Est-ce novateur de proposer un atelier pour former les parents ?

Pas du tout ! Nous organisons 1 500 réunions par an avec des publics adulte depuis 2004-2005, partout en France. Chaque année, nous devons toucher 100 000 à 120 000 parents, via des associations familiales et de parents d'élèves. C'est un nombre toujours insuffisant. En revanche, c'est la première fois que nous bénéficions d'un lieu aussi grand que la Station F.

Pourquoi est-ce important de donner la parole aux adolescents ?

Car ce sont les premiers concernés ! Parler entre adultes ne suffit pas, les témoignages des adolescents sont essentiels.

L'attitude des parents est-elle différente selon que leur enfant est une fille ou un garçon ?

On observe que les parents font plus confiance aux filles. Elles sont nettement moins nombreuses que les garçons à déclarer que les parents contrôlent la durée des connexions. Les garçons sont par conséquent plus surveillés par leurs parents.

"Personne n'est à l'abri de commentaires haineux à son encontre, on peut tous y être confrontés"

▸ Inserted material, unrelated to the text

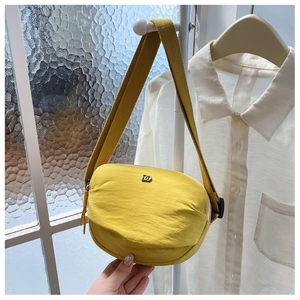Detailed close-up of a vibrant yellow nylon crossbody bag with metallic D-logo decoration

Les usages des réseaux sociaux sont-ils différents en fonction du sexe ?

Selon l'âge et le sexe, les enfants n'ont pas les mêmes réseaux, les mêmes pratiques et les mêmes outils. Pour les filles, il s'agit des réseaux les plus visuels tels que Snapchat ou Instagram. Elles ont plutôt tendance à poster des contenus, des photos alors que les garçons qui ont le même âge sont sur des réseaux ou des médias tels que YouTube, Facebook, qui sont plus liés à la communication, à la discussion. Et pour le temps qu'ils y consacrent, il y a des différences de générations entre les 11-14 et les 14-18 ans.

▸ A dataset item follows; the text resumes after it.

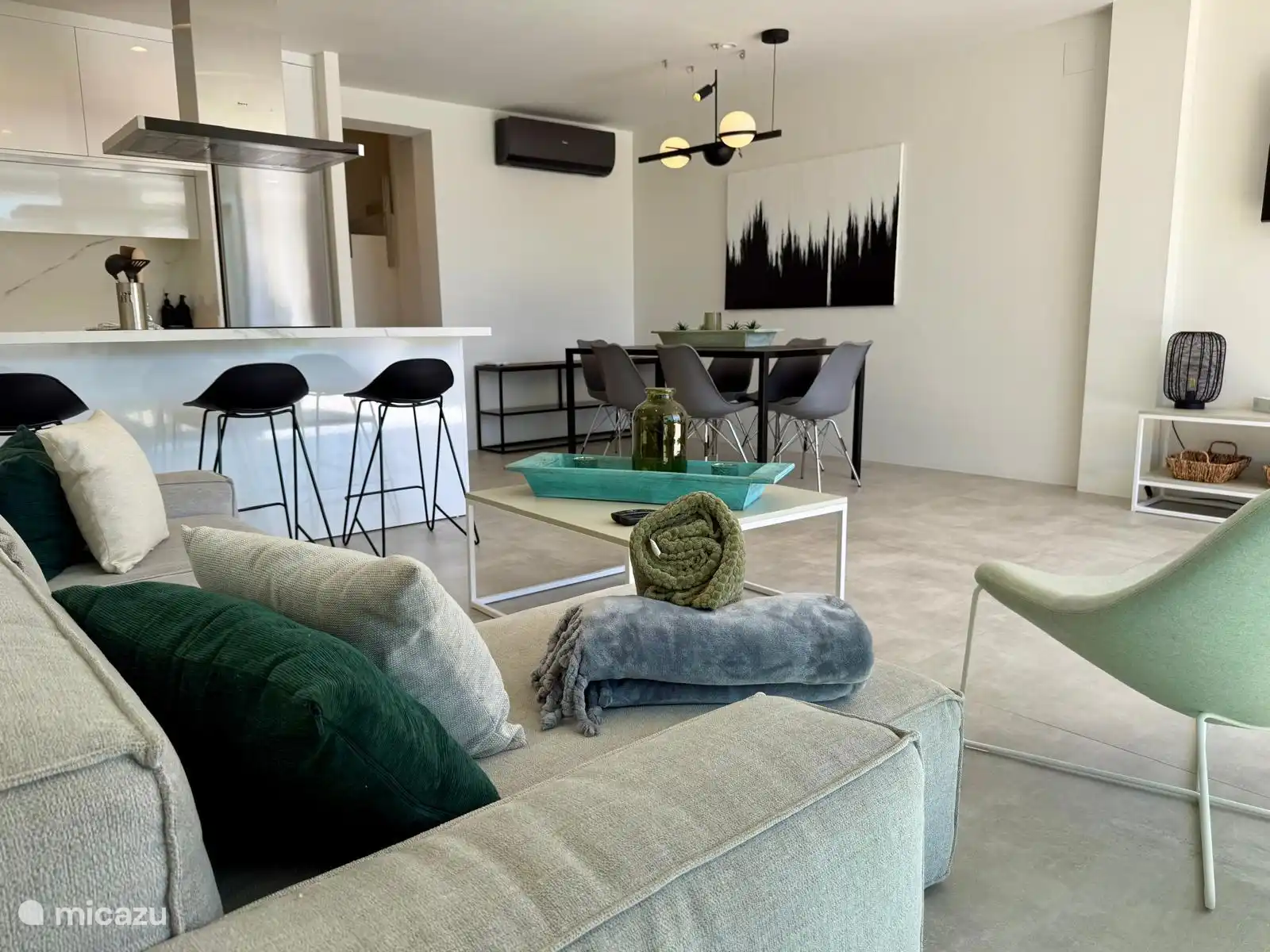 The living room with kitchen and dining area is adjacent to the sun terrace and swimming pool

Y a t-il une réduction des cas d'ados ou d'enfants qui sont victimes de cyberharcèlement ?

Ils sont environ 15 %, à avoir rencontré des problèmes. Ce chiffre n'est pas anodin. Cependant, les cas de harcèlement restent un phénomène marginal. À partir du moment où un enfant est connecté, il sera confronté à un moment ou à un autre à des remarques, à des blagues qui peuvent être potaches. Dans la mesure où ces commentaires sont diffusés sur des réseaux sociaux, ils peuvent toucher des milliers, voir des millions de personnes. L'impact n'est pas le même que celui d'une cour d'école. Personne n'est à l'abri de commentaires haineux à son encontre, on peut tous y être confrontés.

Un projet de loi relatif à la protection des données personnelles, initié par la ministre de la justice Nicole Belloubet, et le secrétaire d'Etat chargé du Numérique, Mounir Mahjoubi va, entre autre, obliger les mineurs de moins de 16 ans à fournir une autorisation parentale pour créer un compte Facebook. Qu'en pensez-vous ?

60 % des enfants de moins de 13 ans déclarent détenir au moins un compte sur un réseau social. Cela signifie qu'ils sont déjà 60 % à avoir menti sur leur âge. Laissons au législateur le temps d'étudier les raisons de créations de comptes d'enfants, âgés de moins de 13 ans. À cet âge, il n'y a pas de consentement sur les plateformes. C'est même inscrit dans les conditions générales d'utilisation des réseaux sociaux comme Instagram ou Facebook. Je doute qu'un ado à 15 ans demande l'autorisation à son père et à sa mère d'ouvrir un compte. S'il y en a donc 60 % qui ont menti sur leur âge, je ne vois pas ce pourcentage forcément réduire avec l'âge. Au contraire, j'ai tendance à croire qu'il va augmenter pour que les enfants se sentent plus grands et plus matures. Néanmoins, il faut quand même qu'il y ait une implication des parents dans la vie numérique de leurs enfants. Les questions sur lesquelles nous devons nous pencher sont les suivantes : pourquoi ont-ils tant d'amis ? Que recherchent-ils sur les réseaux ? Qu'est-ce qu'ils y trouvent ? Il faut que les parents sachent mieux prendre en compte les usages de leurs enfants.

Ateliers "Mieux vivre le numérique" à la station F Trois ateliers pilotés par Génération Numérique seront proposés autour de trois thèmes : un premier atelier à 14h portera sur les fake news, sur la manière de s'informer sur internet. Puis à 15h, pour gérer sa e-réputation, sur les informations que l'on mentionne. Et un dernier atelier à 16h se focalisera sur la sécurité et l'informatique, s'adressant spécifiquement aux adultes.